ローカルかグローバルか、それが問題だ(2012年4月9日〜4月13日号)

地方行政

【4月9日号】 グローバル社会の今、ビジネスを持続・成功させるには「ローカル、グローバル」のいずれかに徹する戦略が不可欠です。どちらでもない中途半端なビジネスは、必ず淘汰される運命にあります。したがって「ローカル、グローバル」のいずれかに徹底できるまで、補助金や規制を使い「期間を明確に限って保護」しながらビジネスを育成する選択肢も必要になります。しかし、補助金や規制の多くは「半永久的な既得権」化していて、ビジネスの育成が進まず雇用や地域経済に深刻な影響を及ぼしています。(中略)補助金や規制などの保護は、そもそも「育成するまでの暫定的な措置」である原点に回帰して、育成すべき分野と期間を明確に定めるとよいでしょう。そして、各事業者は「ローカル、グローバル」のいずれかに徹するべきです。国や自治体はグローバル事業者とローカル事業者の「双方を分けて育成する発想とシステム」を持つ必要があります。具体的に言えば、国はグローバル事業者の育成に専念して、ローカル事業者の育成は自治体に任せます。自治体は各地域の特性に応じて、ローカル事業者を育成します。このシステムは、まさに地方自治(地方分権)の発想そのものです。(月曜連載「施策や施設をつくる前に『顧客を創る』地域再生」より)

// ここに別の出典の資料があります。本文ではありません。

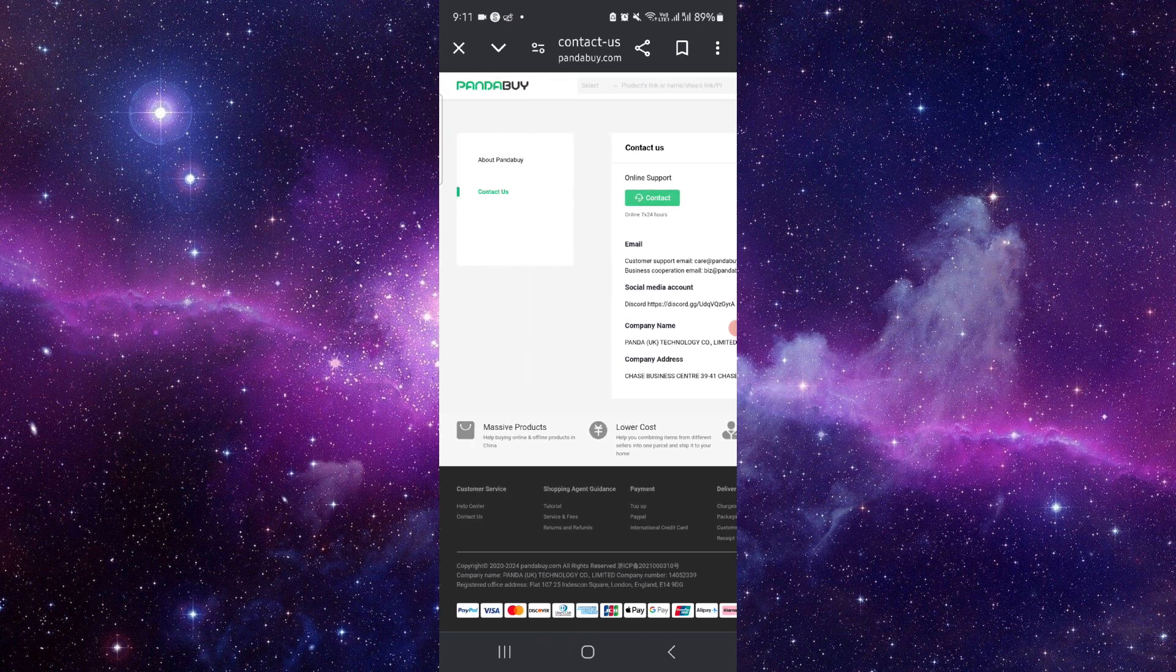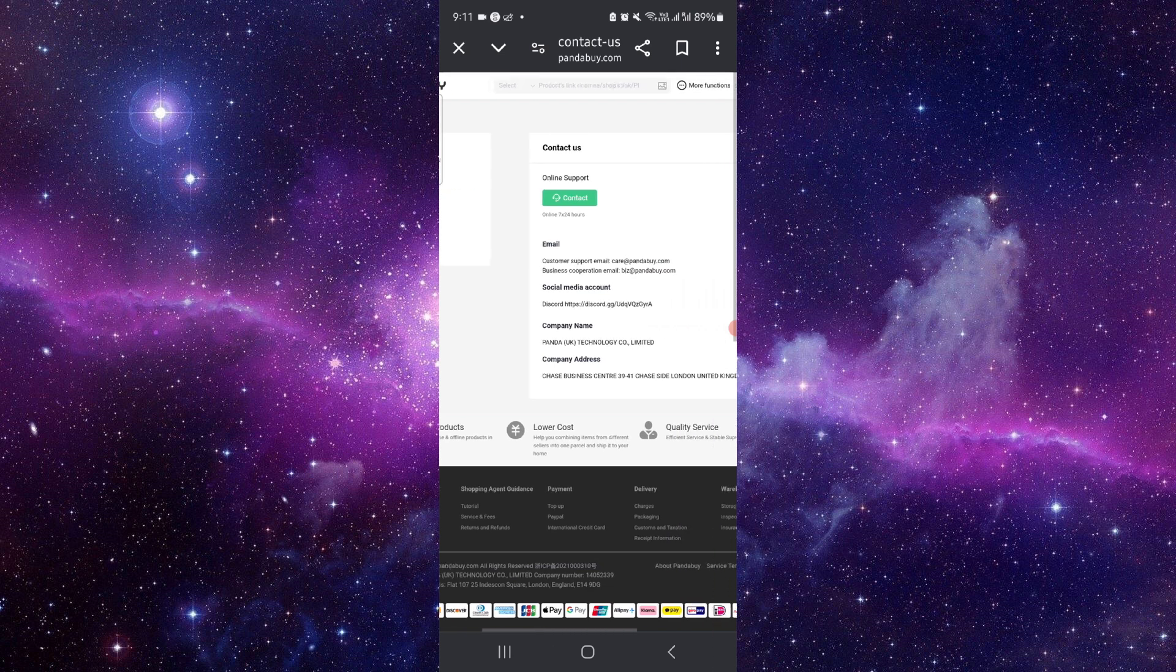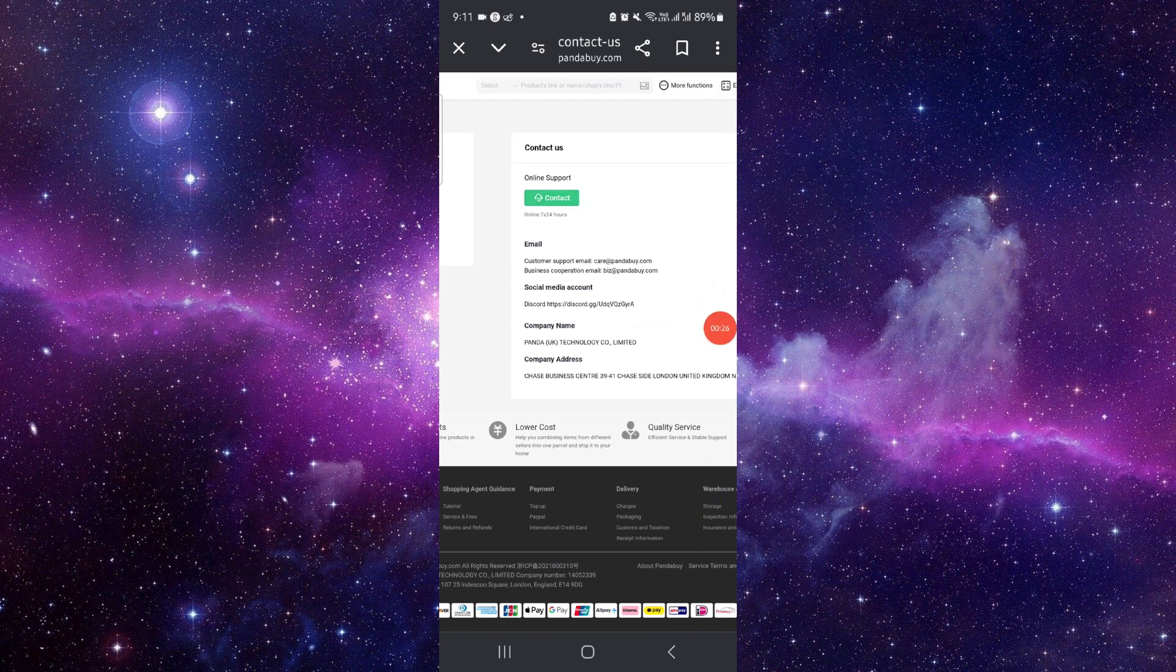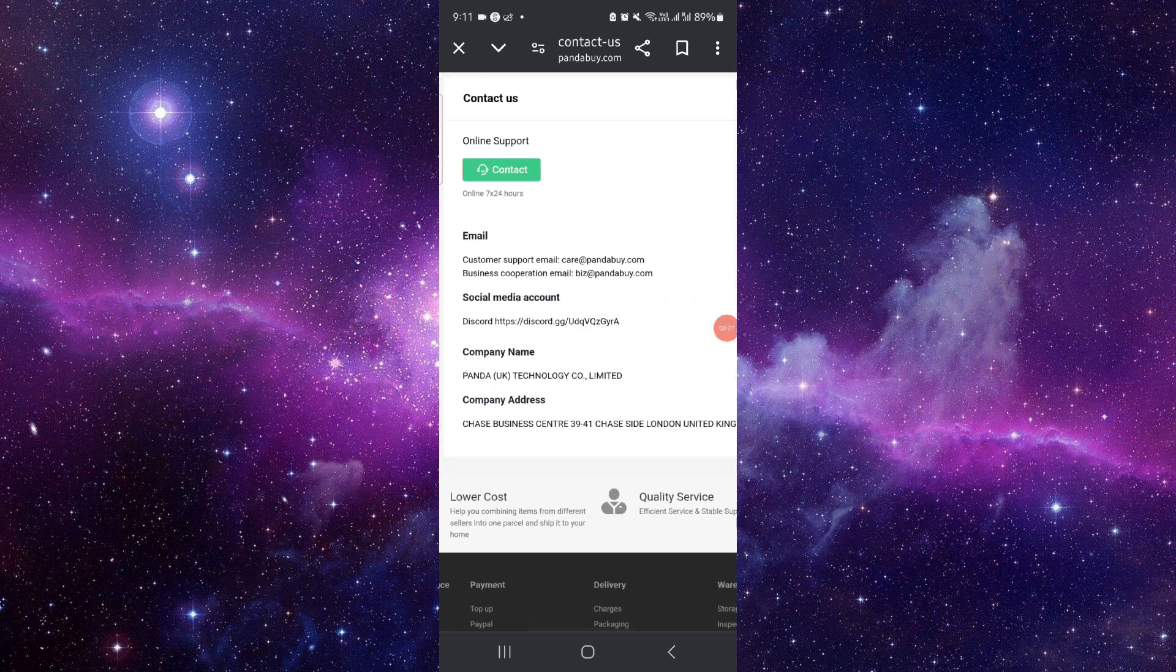Just click on this contact, then here you can just contact through email or their other accounts too.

【4月12日号】 地域の在来種は今でこそ注目を浴びているが、1960年代以降、次々と地域から消えていった。流通が大型化し、中央市場に出荷されて大手スーパーや量販店で販売されるようになると、在来種に代わる新たな品種が栽培されるようになったからだ。大手スーパーなどでは、日持ちがよく、病気に強く、形がそろい、大量に収穫でき、何より遠隔地の流通に向くものが喜ばれた。(中略)一方で、どこでも画一的な野菜が販売されるため、地域性や季節性が薄れ、味も単一化してしまう。こうした野菜を使うと、どこでだれがいつ料理しても同じような味になるということでもある。これに対し、在来種は一度にたくさん栽培できないし、日持ちもしない。病気に弱いものも少なくない。それでも、かつては地域内流通がほとんどだったことから、大量に栽培する必要がなく、在来種があればそれでよかった。しかし、流通の大型化に伴いだんだん栽培されなくなり、中には絶滅したものもある。(木曜連載「地域力と地域創造」より)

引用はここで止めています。